__PROBLEM TO WORK ON__: Look below for the line containing "BIG FOOT SASQUATCH" and the line containing "Paul Sprohge Abstract"; repeat exactly those two lines and all lines between them, and nothing else.

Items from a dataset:

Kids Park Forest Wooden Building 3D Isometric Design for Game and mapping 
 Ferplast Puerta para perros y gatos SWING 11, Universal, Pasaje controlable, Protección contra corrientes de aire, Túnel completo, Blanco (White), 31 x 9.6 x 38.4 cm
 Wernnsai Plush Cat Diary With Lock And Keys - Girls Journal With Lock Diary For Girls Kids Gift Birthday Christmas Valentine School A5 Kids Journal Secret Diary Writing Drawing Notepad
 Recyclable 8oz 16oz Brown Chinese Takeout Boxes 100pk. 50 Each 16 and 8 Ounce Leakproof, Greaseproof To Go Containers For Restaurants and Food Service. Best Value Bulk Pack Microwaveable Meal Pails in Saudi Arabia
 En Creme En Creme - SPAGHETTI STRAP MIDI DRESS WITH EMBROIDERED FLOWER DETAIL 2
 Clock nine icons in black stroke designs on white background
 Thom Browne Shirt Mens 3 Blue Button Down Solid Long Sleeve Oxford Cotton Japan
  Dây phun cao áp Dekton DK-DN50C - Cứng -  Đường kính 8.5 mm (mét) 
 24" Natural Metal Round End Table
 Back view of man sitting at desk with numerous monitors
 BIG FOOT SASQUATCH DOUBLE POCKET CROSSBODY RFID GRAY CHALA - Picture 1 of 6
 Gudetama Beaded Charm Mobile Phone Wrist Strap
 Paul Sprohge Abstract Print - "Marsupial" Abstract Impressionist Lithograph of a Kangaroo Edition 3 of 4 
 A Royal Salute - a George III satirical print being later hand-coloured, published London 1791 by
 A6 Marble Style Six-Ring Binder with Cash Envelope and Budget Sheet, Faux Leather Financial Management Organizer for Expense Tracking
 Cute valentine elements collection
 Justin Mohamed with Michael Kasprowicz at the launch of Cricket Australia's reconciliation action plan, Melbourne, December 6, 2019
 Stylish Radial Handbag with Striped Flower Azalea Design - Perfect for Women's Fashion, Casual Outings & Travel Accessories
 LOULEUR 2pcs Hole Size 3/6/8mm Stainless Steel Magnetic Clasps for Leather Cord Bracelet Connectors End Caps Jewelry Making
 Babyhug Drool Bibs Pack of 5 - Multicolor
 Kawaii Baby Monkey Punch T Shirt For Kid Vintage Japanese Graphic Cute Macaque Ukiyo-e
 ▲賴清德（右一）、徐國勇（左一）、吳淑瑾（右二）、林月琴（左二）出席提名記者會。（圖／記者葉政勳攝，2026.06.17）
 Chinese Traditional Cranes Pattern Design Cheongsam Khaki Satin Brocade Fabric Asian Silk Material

__SOLUTION TO THE EXERCISE__:
 BIG FOOT SASQUATCH DOUBLE POCKET CROSSBODY RFID GRAY CHALA - Picture 1 of 6
 Gudetama Beaded Charm Mobile Phone Wrist Strap
 Paul Sprohge Abstract Print - "Marsupial" Abstract Impressionist Lithograph of a Kangaroo Edition 3 of 4 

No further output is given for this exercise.